Following apparent instances of concealed carry licensees being targeted by police while individuals travel out of state, Virginia is one signature away from blocking off its permit database from some law enforcement.
The measure, which will refuse access to Virginia concealed weapon permit information to states that do not have a reciprocity agreement in place, passed the Republican controlled legislature by large margins this week and is now headed to Gov. Terry McAuliffe (D) for approval.
“It’s the policy of entrapment that has been used based on the concealed carry exchange information that has precipitated this,” said Del. Bob Marshall, R-Prince William, who lent his support to the bill in the state Assembly, where it passed by a commanding 66-33 vote Tuesday.
The legislation, SB 948, mandates that only jurisdictions who in turn recognize the state’s concealed handgun permits will have access to the Virginia Criminal Information Network, which houses the database of permit holders.
According to data from the Virginia State Police, the Commonwealth has reciprocity or recognition agreements with some 30 states and territories.

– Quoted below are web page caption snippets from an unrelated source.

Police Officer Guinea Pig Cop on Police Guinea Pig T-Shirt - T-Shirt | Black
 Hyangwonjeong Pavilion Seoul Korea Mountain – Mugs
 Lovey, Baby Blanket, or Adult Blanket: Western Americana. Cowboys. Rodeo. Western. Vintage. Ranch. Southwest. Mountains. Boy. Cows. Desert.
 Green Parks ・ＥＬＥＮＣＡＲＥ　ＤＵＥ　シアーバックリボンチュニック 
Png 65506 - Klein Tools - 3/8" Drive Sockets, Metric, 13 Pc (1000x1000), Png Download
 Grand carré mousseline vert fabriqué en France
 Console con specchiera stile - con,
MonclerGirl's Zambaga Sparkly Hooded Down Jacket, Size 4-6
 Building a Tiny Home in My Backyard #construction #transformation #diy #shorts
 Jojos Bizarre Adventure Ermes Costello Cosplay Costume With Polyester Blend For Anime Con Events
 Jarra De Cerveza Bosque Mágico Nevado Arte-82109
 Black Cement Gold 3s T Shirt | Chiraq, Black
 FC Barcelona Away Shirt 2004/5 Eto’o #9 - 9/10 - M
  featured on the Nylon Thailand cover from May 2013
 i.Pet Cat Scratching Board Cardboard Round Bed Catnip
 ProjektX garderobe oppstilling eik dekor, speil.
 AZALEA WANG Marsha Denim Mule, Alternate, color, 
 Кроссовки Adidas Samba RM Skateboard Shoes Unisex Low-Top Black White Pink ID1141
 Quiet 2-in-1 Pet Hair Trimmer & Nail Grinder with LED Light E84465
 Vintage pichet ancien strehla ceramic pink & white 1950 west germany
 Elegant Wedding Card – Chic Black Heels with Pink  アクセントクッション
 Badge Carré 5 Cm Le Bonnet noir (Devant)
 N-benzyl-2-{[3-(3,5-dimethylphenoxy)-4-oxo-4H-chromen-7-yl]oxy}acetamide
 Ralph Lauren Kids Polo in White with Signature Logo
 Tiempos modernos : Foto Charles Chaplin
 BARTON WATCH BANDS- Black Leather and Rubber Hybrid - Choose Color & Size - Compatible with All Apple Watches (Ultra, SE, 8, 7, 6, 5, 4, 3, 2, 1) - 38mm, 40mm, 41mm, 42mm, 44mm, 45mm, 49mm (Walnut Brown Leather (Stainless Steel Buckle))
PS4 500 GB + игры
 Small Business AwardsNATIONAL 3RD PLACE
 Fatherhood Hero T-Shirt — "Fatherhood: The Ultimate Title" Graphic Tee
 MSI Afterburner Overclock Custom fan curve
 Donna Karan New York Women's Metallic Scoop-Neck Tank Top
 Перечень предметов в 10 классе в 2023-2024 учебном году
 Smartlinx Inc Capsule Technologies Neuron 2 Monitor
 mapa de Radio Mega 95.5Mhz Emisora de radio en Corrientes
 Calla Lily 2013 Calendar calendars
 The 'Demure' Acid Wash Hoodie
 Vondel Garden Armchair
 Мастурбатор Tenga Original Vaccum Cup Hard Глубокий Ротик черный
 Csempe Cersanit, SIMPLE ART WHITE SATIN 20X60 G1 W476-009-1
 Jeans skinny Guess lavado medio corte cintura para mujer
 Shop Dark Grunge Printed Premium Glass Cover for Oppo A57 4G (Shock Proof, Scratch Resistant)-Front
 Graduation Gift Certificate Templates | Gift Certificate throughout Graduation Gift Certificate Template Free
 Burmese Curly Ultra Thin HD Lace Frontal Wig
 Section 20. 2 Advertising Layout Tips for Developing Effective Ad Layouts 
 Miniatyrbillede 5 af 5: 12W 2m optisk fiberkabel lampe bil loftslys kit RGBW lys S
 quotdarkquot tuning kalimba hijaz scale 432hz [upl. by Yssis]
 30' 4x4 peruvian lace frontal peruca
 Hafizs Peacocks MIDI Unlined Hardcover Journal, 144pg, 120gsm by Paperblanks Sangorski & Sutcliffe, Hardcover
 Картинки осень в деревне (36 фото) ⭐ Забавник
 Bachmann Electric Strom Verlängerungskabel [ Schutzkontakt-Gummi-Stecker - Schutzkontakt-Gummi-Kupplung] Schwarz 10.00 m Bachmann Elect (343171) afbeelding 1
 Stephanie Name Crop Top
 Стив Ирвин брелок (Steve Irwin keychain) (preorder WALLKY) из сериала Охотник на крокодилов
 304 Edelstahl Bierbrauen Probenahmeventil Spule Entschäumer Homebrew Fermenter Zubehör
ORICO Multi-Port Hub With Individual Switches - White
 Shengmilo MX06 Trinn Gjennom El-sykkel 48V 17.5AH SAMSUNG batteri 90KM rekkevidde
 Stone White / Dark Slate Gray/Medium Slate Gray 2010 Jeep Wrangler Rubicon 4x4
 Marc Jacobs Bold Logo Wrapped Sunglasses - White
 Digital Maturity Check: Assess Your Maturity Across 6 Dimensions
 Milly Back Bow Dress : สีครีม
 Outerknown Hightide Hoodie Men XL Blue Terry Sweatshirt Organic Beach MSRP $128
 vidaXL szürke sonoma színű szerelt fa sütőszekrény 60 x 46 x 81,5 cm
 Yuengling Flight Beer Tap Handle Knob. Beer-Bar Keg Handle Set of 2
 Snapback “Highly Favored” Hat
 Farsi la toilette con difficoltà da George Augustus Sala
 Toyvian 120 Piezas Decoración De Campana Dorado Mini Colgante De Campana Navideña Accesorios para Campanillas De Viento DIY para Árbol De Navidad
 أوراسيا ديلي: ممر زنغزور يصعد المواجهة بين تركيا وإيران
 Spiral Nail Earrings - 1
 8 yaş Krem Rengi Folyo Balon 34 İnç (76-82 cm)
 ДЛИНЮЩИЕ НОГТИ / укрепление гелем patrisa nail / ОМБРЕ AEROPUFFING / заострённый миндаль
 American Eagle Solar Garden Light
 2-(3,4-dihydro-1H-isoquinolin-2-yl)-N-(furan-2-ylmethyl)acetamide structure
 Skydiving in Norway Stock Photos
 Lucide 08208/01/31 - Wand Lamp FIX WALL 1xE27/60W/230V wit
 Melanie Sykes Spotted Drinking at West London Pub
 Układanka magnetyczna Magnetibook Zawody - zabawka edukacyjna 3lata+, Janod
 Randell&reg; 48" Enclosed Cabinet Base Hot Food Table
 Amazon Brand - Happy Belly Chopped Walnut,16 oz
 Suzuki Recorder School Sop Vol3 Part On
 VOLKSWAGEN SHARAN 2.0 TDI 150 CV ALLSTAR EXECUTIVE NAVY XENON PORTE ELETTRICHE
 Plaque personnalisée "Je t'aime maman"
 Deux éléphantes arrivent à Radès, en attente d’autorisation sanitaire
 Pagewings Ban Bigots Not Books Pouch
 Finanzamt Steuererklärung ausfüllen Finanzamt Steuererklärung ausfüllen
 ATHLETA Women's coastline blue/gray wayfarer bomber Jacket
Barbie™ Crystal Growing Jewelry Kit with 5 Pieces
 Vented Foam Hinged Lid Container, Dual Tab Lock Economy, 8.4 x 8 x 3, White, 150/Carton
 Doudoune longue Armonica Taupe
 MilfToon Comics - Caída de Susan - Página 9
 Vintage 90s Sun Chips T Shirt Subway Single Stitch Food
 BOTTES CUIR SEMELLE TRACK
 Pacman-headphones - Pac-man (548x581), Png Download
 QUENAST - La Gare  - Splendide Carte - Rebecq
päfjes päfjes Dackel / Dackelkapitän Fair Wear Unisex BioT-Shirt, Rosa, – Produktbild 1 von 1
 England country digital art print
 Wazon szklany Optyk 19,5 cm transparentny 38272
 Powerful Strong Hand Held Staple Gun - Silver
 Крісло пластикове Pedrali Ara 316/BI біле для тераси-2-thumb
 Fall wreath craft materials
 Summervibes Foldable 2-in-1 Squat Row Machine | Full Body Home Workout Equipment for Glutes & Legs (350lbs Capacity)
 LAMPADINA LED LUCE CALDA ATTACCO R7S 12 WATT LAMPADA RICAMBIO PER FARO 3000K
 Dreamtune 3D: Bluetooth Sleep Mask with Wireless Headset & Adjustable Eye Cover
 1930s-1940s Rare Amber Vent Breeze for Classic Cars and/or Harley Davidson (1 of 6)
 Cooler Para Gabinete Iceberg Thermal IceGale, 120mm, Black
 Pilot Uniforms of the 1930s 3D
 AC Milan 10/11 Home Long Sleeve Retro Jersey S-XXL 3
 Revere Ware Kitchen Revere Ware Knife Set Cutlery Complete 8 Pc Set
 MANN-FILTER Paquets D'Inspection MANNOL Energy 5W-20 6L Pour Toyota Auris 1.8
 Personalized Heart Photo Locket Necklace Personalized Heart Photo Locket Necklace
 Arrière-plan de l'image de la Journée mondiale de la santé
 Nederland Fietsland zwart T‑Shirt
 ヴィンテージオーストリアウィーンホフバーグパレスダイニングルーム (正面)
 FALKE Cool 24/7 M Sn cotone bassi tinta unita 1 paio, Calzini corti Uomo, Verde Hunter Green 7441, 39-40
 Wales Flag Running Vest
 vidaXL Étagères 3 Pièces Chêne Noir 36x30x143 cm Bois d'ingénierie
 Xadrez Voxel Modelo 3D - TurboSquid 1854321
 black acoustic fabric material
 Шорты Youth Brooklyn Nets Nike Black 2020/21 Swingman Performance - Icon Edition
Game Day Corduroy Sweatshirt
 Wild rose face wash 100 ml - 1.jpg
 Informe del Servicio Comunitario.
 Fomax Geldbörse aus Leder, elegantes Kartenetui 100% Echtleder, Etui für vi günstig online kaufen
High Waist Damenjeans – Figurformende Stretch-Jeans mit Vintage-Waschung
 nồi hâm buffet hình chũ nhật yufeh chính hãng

Notably, some nearby neighbors, to include Washington D.C. and Maryland, which for their part do not recognize any out of area permits, are not included on the list.
In December, concealed carry permit holder John Filippidis traveled from his home in Florida to New Jersey for the holidays and was stopped by Maryland Transportation Authority Police who detained the small business owner and family man for 55 minutes following a traffic stop.
Although Filippidis did not present his permit to police, and was not in possession of a firearm, he stated that officers repeatedly asked him of his firearms, apparently garnering the information through the Maryland Coordination and Analysis Center, which allows access to the databases of other states.
As reported by the Washington Times, MTAP may have used the database to target other out of state concealed carry permit holders.
However, some Virginia lawmakers see the legislation as a pandora’s box of issues.
“This causes problems for law enforcement because law enforcement wants to have instant access to accurate information about the presence or possible presence of firearms in vehicles when they do traffic stops and when they arrest folks,” said Del. Marcus Simon, D-Falls Church.
Virginia SB 948 was transmitted to Gov. McAuliffe’s office Friday. McAuliffe, outspoken for his support for anti-gun measures that have been scuttled by the current session, has not commented on the legislation.
Should the Governor choose to veto the measure as he did with other gun reform legislation, its current number of supporting lawmakers makes a veto override within reach.